» **SOURCE DATA**
▽
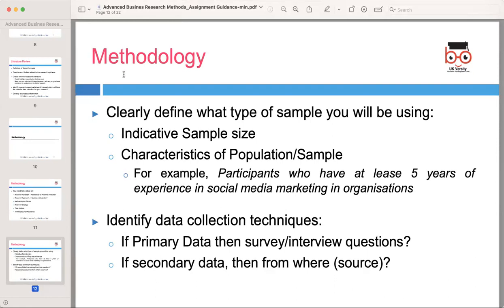When you come to the methodology, describe the type of sample you will be using, including the indicative sample size and characteristics of the population sample. For example, if you are studying social media marketing in an organization, you need to specify the characteristics of the participants, such as having at least five years of experience. Then explain the data collection techniques you will employ. If you are using primary data, detail your survey or interview questions. If you are using secondary data, specify the sources from which you will gather the data.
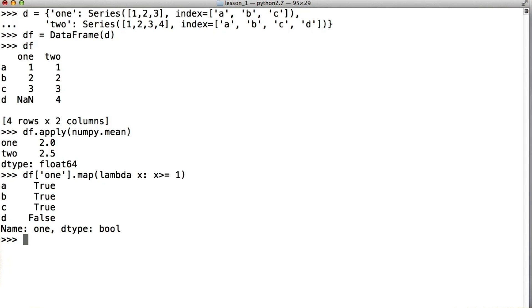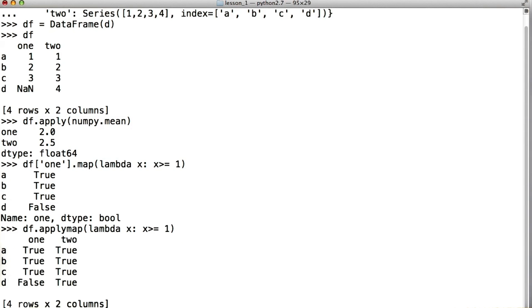If we were to call df.applymap, lambda x, x greater than or equal to 1, the same function is evaluated over every single value in the data frame as opposed to just the 1 column.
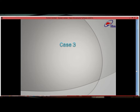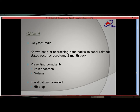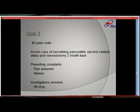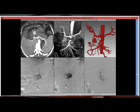Case 3 is a 48-year-old male, a known case of necrotizing pancreatitis, alcohol-related, who had undergone necrosectomy 2 months back. This time the patient presented with abdominal pain and melena and was found to have a drop in hemoglobin, so active bleed was suspected. CT angiography was performed and showed a pseudoaneurysm around the head of the pancreas, arising from the pancreaticoduodenal arcade. In this case the supplying vessels are both from the superior pancreaticoduodenal and the inferior pancreaticoduodenal arteries.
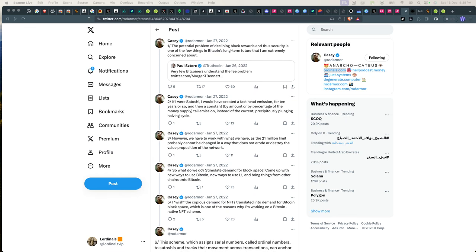Hello guys and welcome to the ultimate guide to BRC20 ordinals and everything else Bitcoin. By the time I'm recording this there are already other standards like CBRC20, SRC20, and on and on.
△
» **DESCRIPTION OF THE TASK**
Repeat the whole of the material above exactly, but keep the pictures out.

» **ANSWER BOX**
When you come to the methodology, describe the type of sample you will be using, including the indicative sample size and characteristics of the population sample. For example, if you are studying social media marketing in an organization, you need to specify the characteristics of the participants, such as having at least five years of experience. Then explain the data collection techniques you will employ. If you are using primary data, detail your survey or interview questions. If you are using secondary data, specify the sources from which you will gather the data.
If we were to call df.applymap, lambda x, x greater than or equal to 1, the same function is evaluated over every single value in the data frame as opposed to just the 1 column.
Case 3 is a 48-year-old male, a known case of necrotizing pancreatitis, alcohol-related, who had undergone necrosectomy 2 months back. This time the patient presented with abdominal pain and melena and was found to have a drop in hemoglobin, so active bleed was suspected. CT angiography was performed and showed a pseudoaneurysm around the head of the pancreas, arising from the pancreaticoduodenal arcade. In this case the supplying vessels are both from the superior pancreaticoduodenal and the inferior pancreaticoduodenal arteries.
Hello guys and welcome to the ultimate guide to BRC20 ordinals and everything else Bitcoin. By the time I'm recording this there are already other standards like CBRC20, SRC20, and on and on.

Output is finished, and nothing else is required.